I am wondering if there are more sophisticated and correct methods apart from simple averaging of individual predictions for image recognition using small patches (tiles).
I have a collection of large res-images (4096x4096) and solving a simple binary classification problem with CNN. Due to large size of the images, I sliced it into 16 tiles, (1024x1024 each) and treat them as ‘independent’ smaller images.
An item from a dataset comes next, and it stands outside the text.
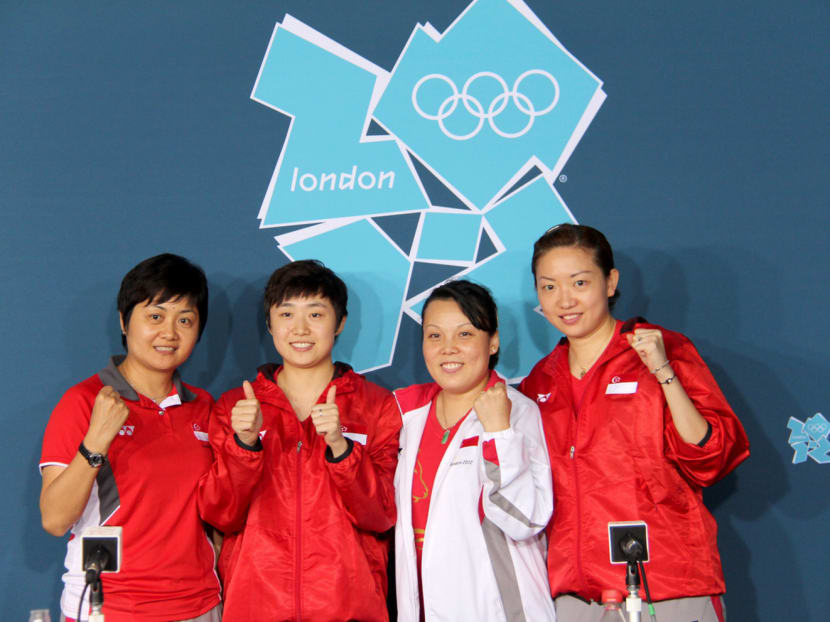 From left: Singapore national table tennis women's team assistant coach Jing Junhong, Feng Tianwei, Wang Yuegu and Li Jiawei after their 3-0 win over South Korea to claim the bronze medal at the London Olympics. Photo: Tan Yo-Hinn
I deliberately want to keep high res due to importance to tiny details (I don’t want to interpolate pixels in order not to lose information).
Once my model is trained, I make predictions on each small tile from the same original image (16 predictions) and then want to make the final conclusion about the image (whether is belongs to class 0 or 1).
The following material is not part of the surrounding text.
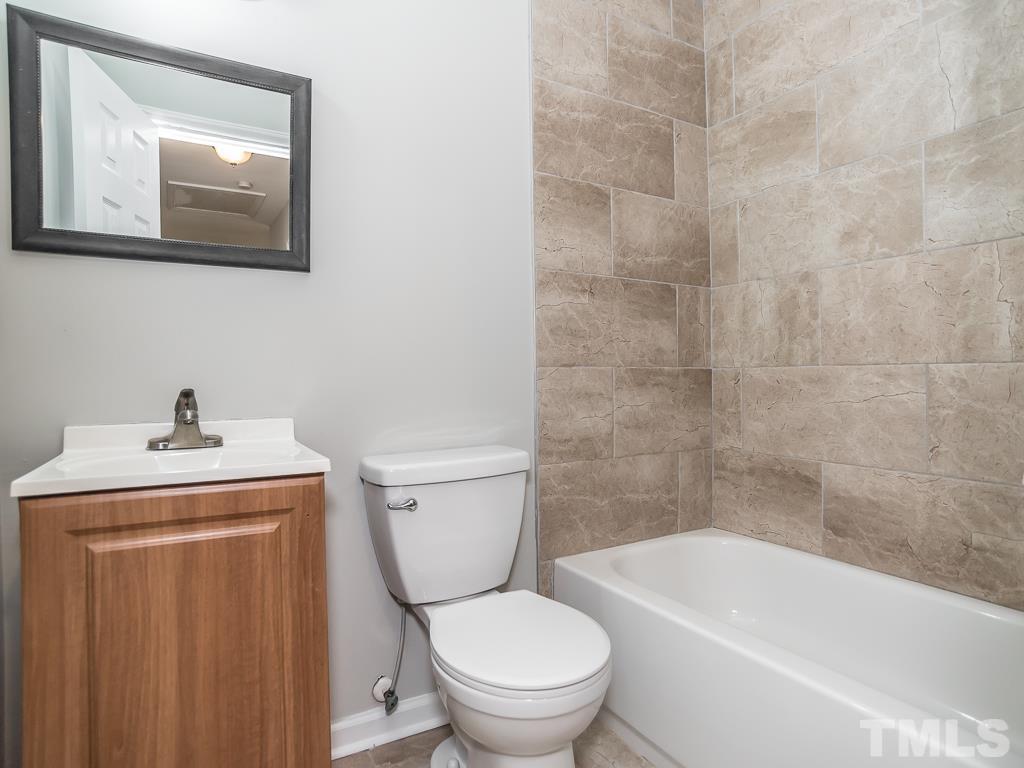 512 Dacian Road Raleigh, NC 27610 - Photo 12 of 19 a white toilet sitting next to a bathroom sink and vanity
Naive approach will be to use the majority of votes: if 9 or more images out of 16 belong to class 0, then the full-sized image is from class 0. However, they may contradict each other (8 vote for class 0 and 8 vote for class 1) and thus one needs to impose specific rules how to deal with this situation.
Any better ideas on how to deal with this situation?
Interesting topic. I can’t talk for everyone but my thought process about this would be:
Time constraints: for inference, do I need predictions right after requesting analysis? If not, deferred batch processing can be an option for inference.
Target constraints: proportionally to your image, are my targets really small? If not, resizing it down will do just fine.
Hardware limitation: time constraints will let you choose from CPU up to large GPU options on inference. Now, for the original image size, if your architecture supports it, can you fit it in memory during training? If not, two options: resizing, slicing.
If you are indeed in the case of memory limitation, that batch size reduction cannot be used further, you can either switch to CPU (if you have patience for training), go for your tiling solution or consider gradient accumulation (if you can fit at least 1 image in the batch but for performance purposes, you want a larger batch size). For the later, here is a good snippet for this:
Back to your tiling solution, the easiest solution (but imperfect) I can see is:
rather than averaging, take the maximum score over the tiles of each class (don’t convert the score to probabilities at the end of your model). In your case, it’s binary so it concerns only one class.
now perform softmax or anything squeezing operation you want to get your probabilities
Positive side: it will take into account the superior activation of each class in any other tile. Probabilities would have normalized it and you would have lost the activation value comparison option.
Negative side: by tiling, you reduced the receptive field of your model respectively to this image. So even with the above technique, this will not yield the same performance as fitting everything in a single batch.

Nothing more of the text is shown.